**About this exercise:** Copy out again, unchanged, the listing below from the line that has "Navy, variant on" through the line that has "Image for Raft".

-- Supplied records follows --

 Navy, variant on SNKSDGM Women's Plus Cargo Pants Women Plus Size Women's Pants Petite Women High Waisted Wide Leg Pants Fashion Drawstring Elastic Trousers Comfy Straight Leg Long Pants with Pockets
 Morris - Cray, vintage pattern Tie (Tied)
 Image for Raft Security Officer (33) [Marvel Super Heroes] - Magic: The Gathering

-- Supplied records concluded --
-- Supplied records follows --

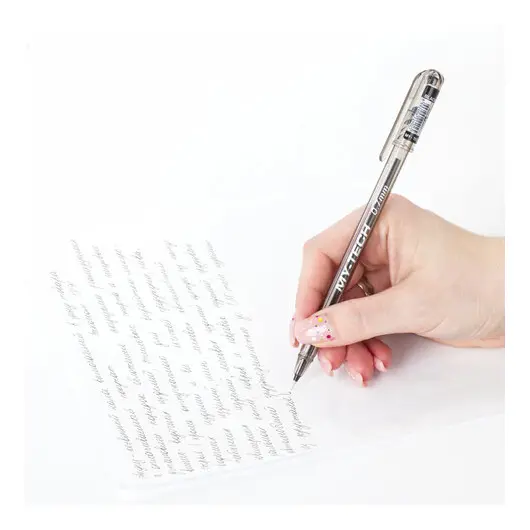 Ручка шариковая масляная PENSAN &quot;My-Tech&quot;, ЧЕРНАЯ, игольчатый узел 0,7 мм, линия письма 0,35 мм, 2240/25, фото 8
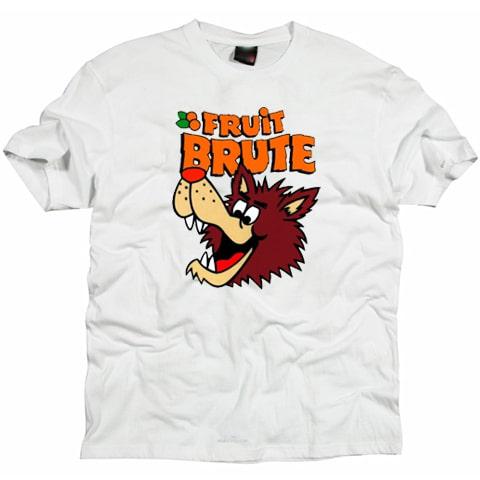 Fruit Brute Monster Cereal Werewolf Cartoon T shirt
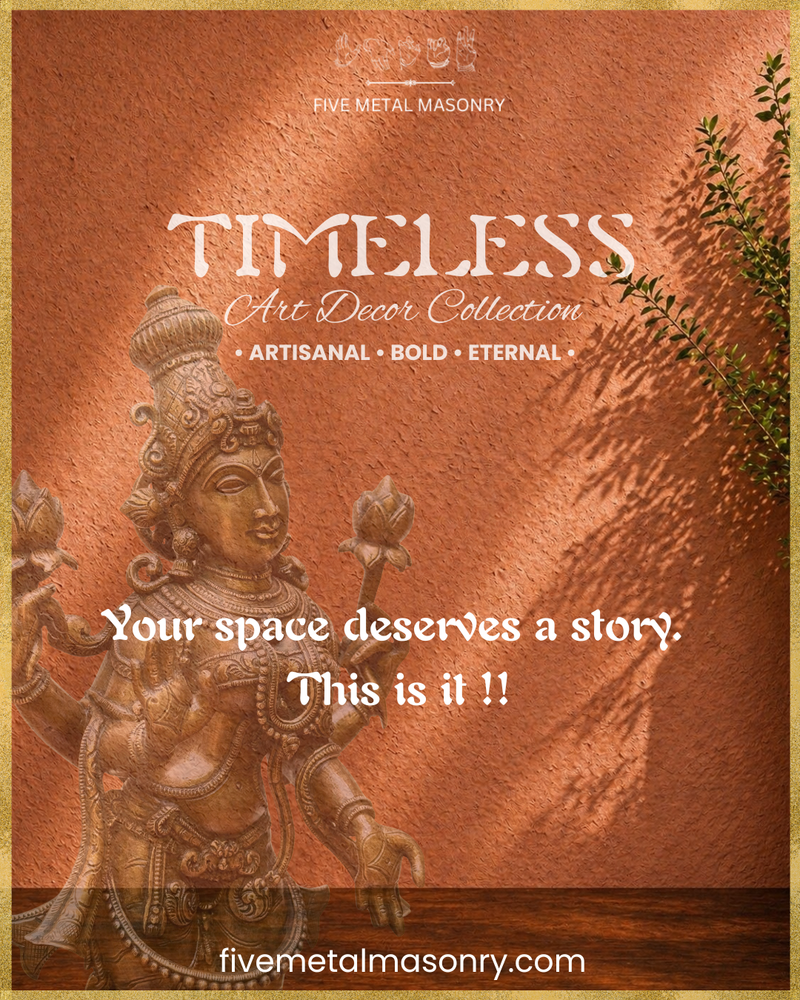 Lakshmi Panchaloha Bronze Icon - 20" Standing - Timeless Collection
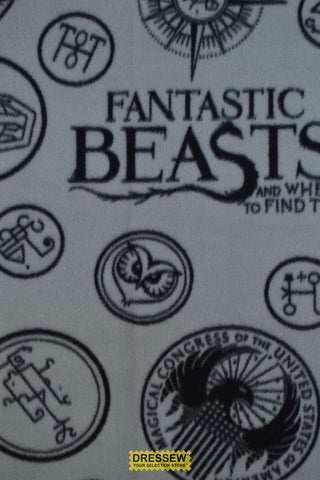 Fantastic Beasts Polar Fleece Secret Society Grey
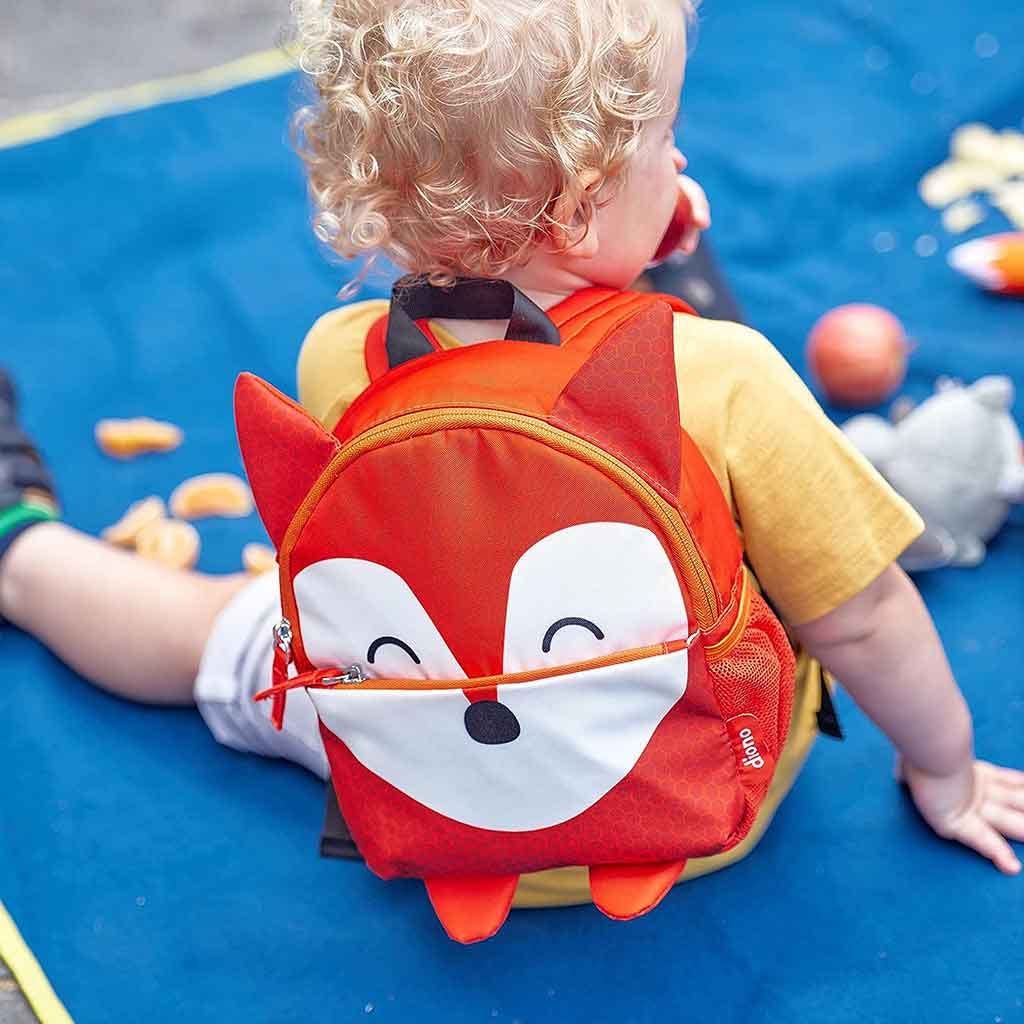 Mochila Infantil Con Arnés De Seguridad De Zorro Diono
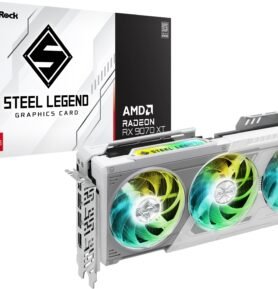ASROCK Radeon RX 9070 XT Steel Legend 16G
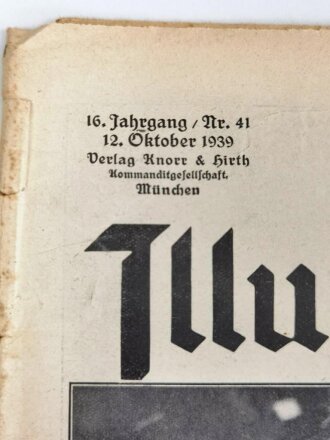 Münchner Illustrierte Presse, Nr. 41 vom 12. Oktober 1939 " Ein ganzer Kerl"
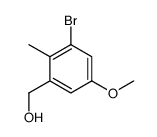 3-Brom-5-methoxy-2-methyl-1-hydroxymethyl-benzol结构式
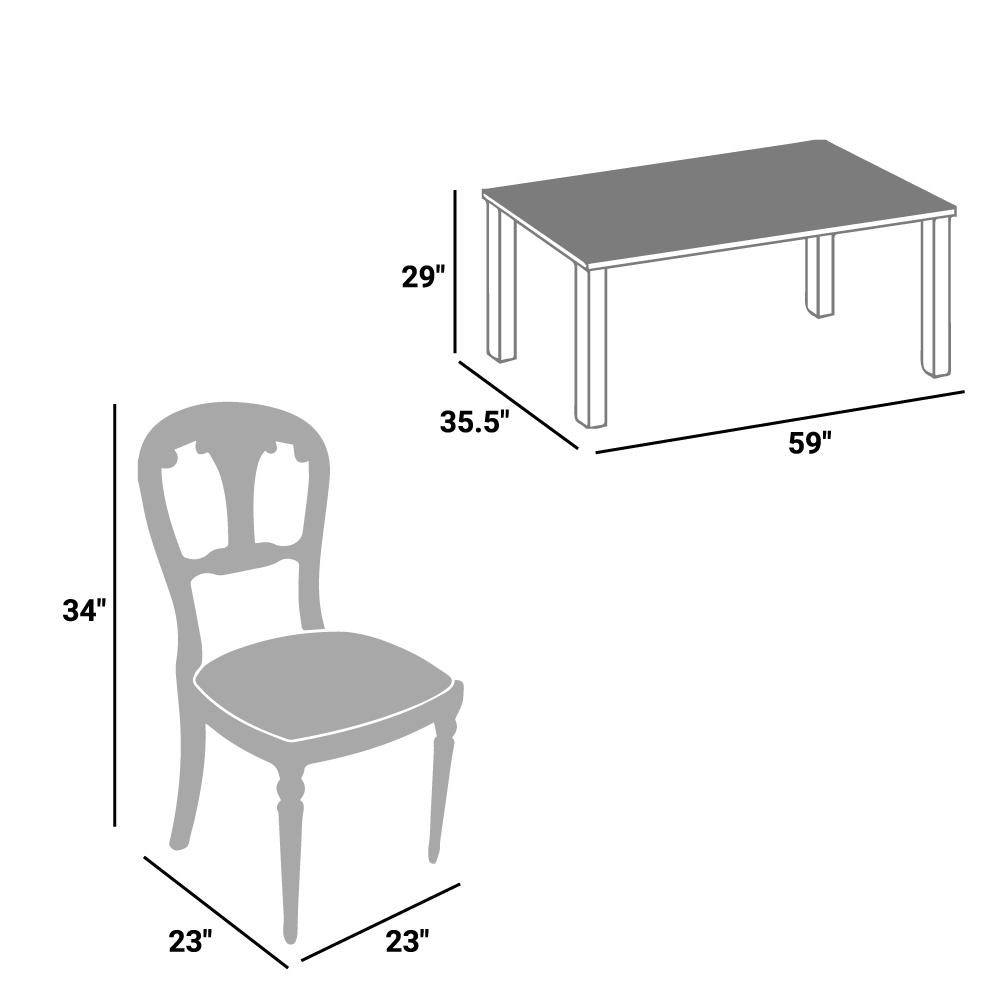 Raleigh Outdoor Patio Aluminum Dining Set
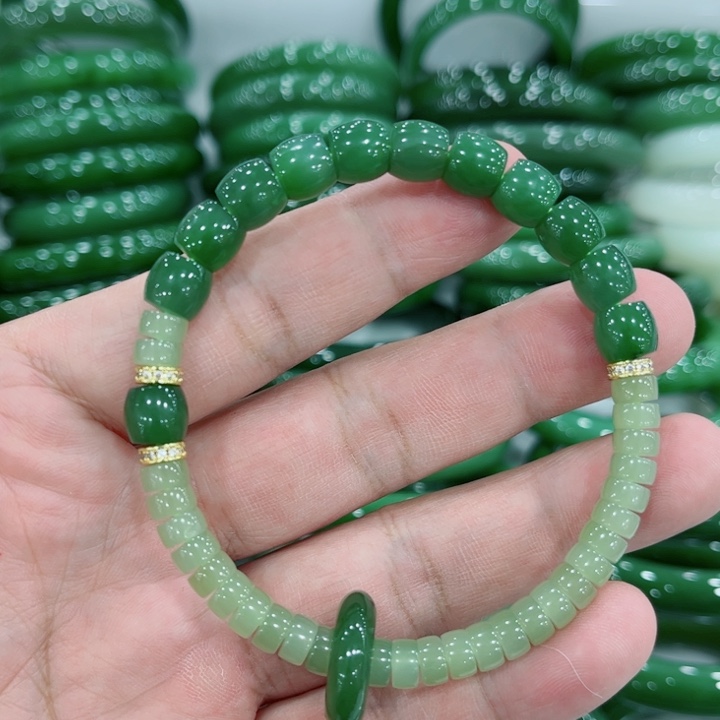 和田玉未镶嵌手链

-- Supplied records concluded --
-- Supplied records follows --

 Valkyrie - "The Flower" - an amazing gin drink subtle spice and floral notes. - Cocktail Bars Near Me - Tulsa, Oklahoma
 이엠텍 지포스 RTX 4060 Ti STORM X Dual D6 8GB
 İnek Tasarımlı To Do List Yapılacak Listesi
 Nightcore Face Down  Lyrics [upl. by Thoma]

-- Supplied records concluded --

**Response box:**
 Navy, variant on SNKSDGM Women's Plus Cargo Pants Women Plus Size Women's Pants Petite Women High Waisted Wide Leg Pants Fashion Drawstring Elastic Trousers Comfy Straight Leg Long Pants with Pockets
 Morris - Cray, vintage pattern Tie (Tied)
 Image for Raft Security Officer (33) [Marvel Super Heroes] - Magic: The Gathering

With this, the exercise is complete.